“Hm. That’s a filthy shame.” I press a kiss to his lips that surprises us both—I don’t kiss in public!—then I turn to Tim;Did you do the family scooping?
As though he can read my mind, he lifts his hands and strides toward Daisy’s end of the bar to keep working.
Soft. Both of them.
I bring my gaze back to Archer and lose myself in his delicious grin. His dancing eyes, and the aftershave he spritzes on some mornings so the smell has burned itself into my psyche.
I could find him blind. Deaf. I could find him in a room of a thousand men, and all I’d need is my sense of smell—and, if I’m lucky, my hands to touch. To trace. To remember.
“Did you find Patterson’s driver?”
“Nope.” He takes a fry from his plate, but offers it across for me to bite. “Whitney Patterson’s SUV was clear.
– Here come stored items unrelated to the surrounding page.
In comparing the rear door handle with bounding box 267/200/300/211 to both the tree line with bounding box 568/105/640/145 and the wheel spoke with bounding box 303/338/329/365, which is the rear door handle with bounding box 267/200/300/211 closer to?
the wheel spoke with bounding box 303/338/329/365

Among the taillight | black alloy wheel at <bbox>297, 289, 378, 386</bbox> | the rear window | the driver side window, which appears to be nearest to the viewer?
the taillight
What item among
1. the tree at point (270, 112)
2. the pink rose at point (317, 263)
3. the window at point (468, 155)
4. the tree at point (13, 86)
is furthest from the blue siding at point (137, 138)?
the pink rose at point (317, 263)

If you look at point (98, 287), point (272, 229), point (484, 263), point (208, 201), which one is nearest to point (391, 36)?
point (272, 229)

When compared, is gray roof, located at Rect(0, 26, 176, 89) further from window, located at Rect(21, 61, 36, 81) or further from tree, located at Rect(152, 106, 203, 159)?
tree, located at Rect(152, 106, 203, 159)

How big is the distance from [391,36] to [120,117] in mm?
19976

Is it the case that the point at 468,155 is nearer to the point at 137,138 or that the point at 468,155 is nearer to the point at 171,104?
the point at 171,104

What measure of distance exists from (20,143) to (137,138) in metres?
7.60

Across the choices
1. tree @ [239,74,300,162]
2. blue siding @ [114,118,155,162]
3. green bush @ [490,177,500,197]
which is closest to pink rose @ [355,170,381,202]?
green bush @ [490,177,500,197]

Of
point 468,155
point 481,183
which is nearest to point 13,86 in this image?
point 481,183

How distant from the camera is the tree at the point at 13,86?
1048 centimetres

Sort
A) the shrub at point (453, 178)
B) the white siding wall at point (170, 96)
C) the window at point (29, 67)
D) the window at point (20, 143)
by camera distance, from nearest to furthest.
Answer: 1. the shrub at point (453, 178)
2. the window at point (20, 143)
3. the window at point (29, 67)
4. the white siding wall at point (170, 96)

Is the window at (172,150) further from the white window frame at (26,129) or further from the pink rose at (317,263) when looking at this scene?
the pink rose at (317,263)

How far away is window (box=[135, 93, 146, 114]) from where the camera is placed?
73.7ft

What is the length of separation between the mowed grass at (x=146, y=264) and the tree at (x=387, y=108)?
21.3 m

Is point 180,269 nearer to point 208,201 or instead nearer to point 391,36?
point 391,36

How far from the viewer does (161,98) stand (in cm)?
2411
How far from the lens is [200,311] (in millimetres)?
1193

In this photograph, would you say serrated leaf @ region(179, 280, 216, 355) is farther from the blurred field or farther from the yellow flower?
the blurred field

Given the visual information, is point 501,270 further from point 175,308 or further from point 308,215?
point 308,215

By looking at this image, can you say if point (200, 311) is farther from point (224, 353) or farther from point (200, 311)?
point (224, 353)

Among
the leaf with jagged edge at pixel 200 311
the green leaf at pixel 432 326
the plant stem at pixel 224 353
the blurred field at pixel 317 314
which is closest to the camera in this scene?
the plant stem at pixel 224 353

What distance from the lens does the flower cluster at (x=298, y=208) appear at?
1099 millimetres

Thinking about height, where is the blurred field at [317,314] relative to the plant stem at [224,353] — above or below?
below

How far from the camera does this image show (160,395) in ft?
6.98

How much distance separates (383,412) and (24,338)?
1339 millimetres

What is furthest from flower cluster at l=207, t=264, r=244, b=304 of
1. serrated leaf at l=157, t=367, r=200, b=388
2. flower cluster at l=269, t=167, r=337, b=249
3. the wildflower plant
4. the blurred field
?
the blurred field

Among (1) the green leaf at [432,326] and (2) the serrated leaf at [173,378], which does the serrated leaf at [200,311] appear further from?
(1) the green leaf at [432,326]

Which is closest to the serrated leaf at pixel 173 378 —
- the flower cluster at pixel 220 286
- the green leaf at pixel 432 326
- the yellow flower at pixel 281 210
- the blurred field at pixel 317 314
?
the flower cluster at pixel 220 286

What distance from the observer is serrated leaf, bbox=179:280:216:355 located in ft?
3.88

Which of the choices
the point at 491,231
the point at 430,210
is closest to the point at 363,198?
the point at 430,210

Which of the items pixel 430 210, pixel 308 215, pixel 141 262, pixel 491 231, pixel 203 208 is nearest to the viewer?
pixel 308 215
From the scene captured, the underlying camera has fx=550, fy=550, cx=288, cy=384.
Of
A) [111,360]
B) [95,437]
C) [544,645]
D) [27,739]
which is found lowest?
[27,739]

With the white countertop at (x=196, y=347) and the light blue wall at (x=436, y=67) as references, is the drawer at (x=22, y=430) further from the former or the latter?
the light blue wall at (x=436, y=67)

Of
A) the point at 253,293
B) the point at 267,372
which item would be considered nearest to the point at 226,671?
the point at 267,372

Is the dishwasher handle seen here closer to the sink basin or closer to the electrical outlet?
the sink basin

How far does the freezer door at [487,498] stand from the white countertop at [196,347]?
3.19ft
She didn’t run anyone down today, and if I’m reading her correctly, she actually loved her husband. Potential adulterous behavior aside, she was devastated when we told her.”
“Expected.” Pushing my plate to the side, I pick up my Coke instead to wash down bread, beef, and potato. “I’d be more than devastated if I got the same news.”
“I’d burn the fucking world down.” He says it so easily, so… casually, the danger in his words doesn’t reach my consciousness for a moment more. “I wouldn’t care who went down at that point. I’d destroy whoever hurt you, Mayet. Then I’d kill his mother, his income, and his family fuckin’ dog before I was finished.” But he flashes a pleasant smile and leans closer to kiss my cheek. “Your color’s coming back. You needed food.”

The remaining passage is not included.